> Activity:
Return exactly the lines of the records below, starting at the line that contains "3464 Robin Ridge Rd, Waycross, GA 31503" and ending at the line that contains "Used 2025 Chevrolet", with both of those lines kept.

> Data extract:
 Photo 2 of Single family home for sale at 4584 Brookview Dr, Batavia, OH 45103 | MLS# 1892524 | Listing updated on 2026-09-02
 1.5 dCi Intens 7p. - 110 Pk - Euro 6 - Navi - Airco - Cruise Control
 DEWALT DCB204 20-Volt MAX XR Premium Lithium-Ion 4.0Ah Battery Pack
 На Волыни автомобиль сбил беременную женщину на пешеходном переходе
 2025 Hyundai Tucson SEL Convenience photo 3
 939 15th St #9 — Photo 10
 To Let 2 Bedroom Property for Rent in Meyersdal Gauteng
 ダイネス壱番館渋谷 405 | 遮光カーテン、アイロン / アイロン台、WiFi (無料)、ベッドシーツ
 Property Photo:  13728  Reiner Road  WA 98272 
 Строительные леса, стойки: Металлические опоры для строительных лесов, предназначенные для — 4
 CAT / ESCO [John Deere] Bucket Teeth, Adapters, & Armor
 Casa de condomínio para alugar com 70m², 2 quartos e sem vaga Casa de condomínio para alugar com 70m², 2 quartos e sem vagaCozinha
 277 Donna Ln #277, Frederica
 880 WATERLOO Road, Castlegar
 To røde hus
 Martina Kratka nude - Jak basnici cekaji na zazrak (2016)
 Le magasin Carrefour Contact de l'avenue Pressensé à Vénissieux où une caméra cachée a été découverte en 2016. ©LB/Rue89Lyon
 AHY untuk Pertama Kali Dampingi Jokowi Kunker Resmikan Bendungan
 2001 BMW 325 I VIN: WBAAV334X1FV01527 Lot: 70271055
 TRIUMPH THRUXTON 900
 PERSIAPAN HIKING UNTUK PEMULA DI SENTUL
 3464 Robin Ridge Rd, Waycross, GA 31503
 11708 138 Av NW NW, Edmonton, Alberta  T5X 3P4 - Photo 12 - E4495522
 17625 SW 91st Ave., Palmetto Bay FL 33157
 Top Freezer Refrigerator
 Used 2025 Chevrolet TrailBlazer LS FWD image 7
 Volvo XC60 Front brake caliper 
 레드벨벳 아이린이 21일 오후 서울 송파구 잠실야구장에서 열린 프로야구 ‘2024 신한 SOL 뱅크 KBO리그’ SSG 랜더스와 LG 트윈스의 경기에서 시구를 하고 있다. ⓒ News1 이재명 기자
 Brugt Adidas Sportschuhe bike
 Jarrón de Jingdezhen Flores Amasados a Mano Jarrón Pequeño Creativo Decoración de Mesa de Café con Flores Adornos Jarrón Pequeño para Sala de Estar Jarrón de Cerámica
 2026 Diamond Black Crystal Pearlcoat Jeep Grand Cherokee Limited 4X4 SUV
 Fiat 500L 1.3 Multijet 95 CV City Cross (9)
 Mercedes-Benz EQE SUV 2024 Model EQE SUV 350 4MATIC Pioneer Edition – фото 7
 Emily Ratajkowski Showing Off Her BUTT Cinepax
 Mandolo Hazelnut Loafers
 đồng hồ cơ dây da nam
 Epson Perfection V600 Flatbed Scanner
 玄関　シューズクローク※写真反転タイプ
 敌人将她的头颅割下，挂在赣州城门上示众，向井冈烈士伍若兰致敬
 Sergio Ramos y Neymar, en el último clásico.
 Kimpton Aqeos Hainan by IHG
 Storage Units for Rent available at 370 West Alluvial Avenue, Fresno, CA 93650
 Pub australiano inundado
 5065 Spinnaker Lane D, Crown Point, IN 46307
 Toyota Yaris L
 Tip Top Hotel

> Solution to the exercise:
 3464 Robin Ridge Rd, Waycross, GA 31503
 11708 138 Av NW NW, Edmonton, Alberta  T5X 3P4 - Photo 12 - E4495522
 17625 SW 91st Ave., Palmetto Bay FL 33157
 Top Freezer Refrigerator
 Used 2025 Chevrolet TrailBlazer LS FWD image 7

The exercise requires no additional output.